> [Task input]:
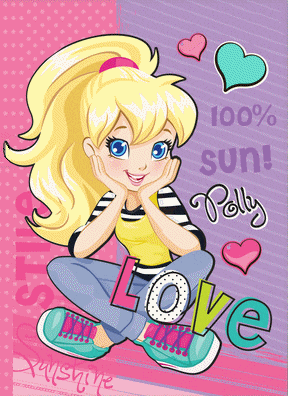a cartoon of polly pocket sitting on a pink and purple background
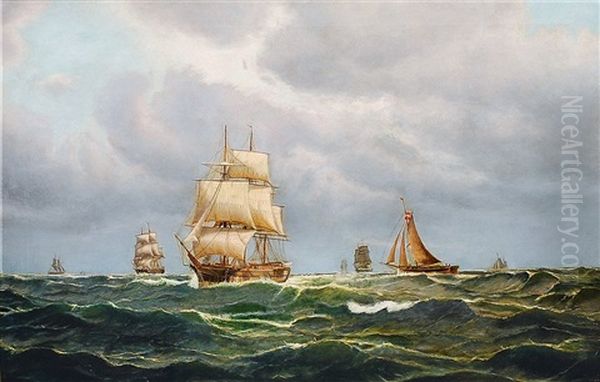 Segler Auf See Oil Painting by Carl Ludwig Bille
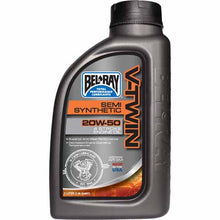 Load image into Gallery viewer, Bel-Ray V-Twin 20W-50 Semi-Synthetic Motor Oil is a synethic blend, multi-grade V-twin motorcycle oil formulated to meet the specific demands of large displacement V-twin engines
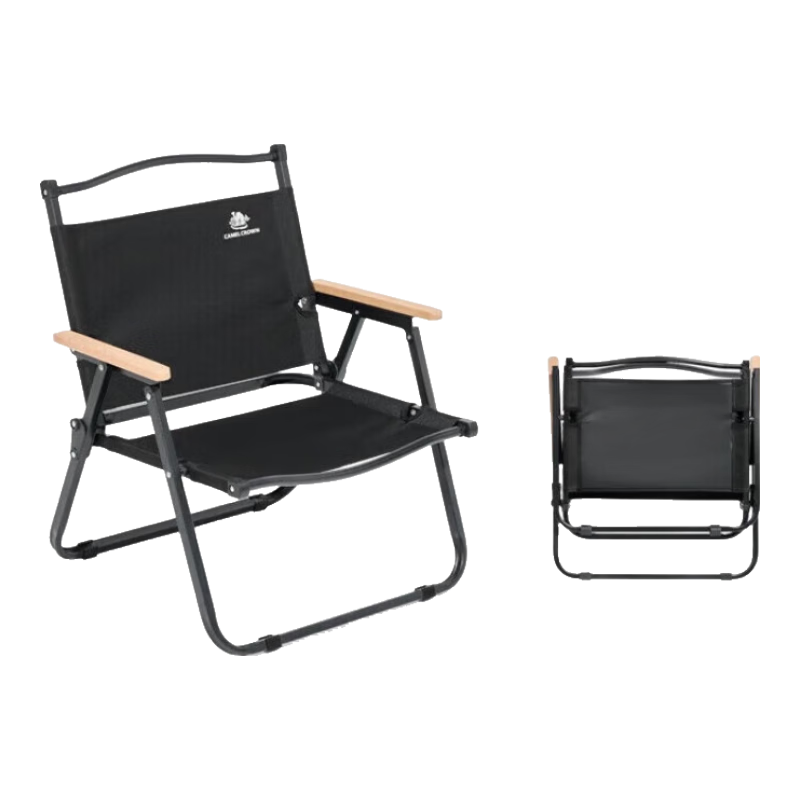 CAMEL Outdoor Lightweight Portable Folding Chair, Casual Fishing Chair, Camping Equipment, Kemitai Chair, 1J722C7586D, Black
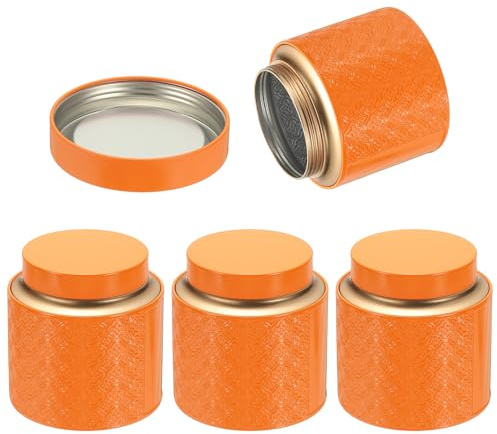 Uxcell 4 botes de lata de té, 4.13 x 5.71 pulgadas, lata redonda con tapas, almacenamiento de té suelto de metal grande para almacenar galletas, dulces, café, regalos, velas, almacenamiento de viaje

> [Task goal]: Transcribe, from the records above, the first line and every line after it up to and including the line with "Segler Auf See"; omit pictures.

> [Response area]:
a cartoon of polly pocket sitting on a pink and purple background
 Segler Auf See Oil Painting by Carl Ludwig Bille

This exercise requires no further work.